L’ensemble des voyages que j’ai effectués avec Angelika forme en soi une mythologie car tout ce qu’elle touche semble doué d’un caractère magique. À travers ses films et ses sculptures, elle construit une histoire quasi mystique d’un monde en équilibre instable entre espoir et anéantissement. Sa fascination pour l’archéologie, l’astronomie, la géologie et la paléontologie me rappelle les savoirs perdus des femmes sorcières qui pouvaient deviner d’un simple regard la comestibilité d’une plante, le jour de pleine lune, l’âge d’une pierre ou l’arrivée d’une saison. Est-ce à dire que nous avons perdu notre capacité à sentir le monde ? Ou qu’Angelika a conservé le sien ? Il y a des choses que nous avons vécues, qui n’appartiendrons jamais qu’à nous deux et dont je ne peux pas parler.
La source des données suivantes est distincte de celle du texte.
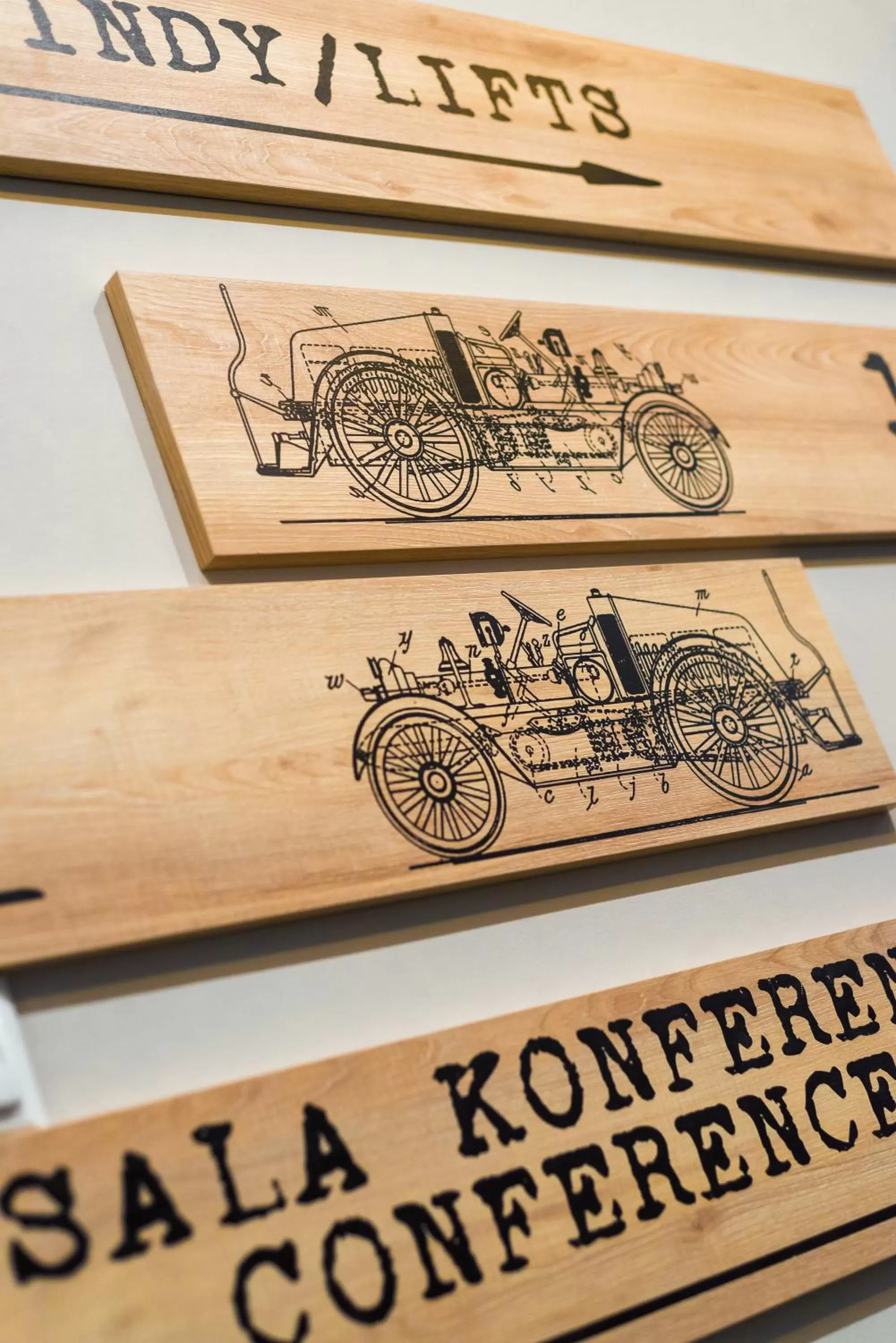 Logo/Certificate/Sign in Citi Hotel's Łódź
Entre les glaciers d’Argentine, les tréfonds des eaux au Sud du Japon et sur la côte aride du nord-ouest de l’Australie, s’est creusé le sillon du secret ésotérique qui résidera toujours entre nos deux regards.

[1]Starhawk, Femmes, Magie et Politique, les Empêcheurs de penser en rond, 2003, première édition en anglais 1982.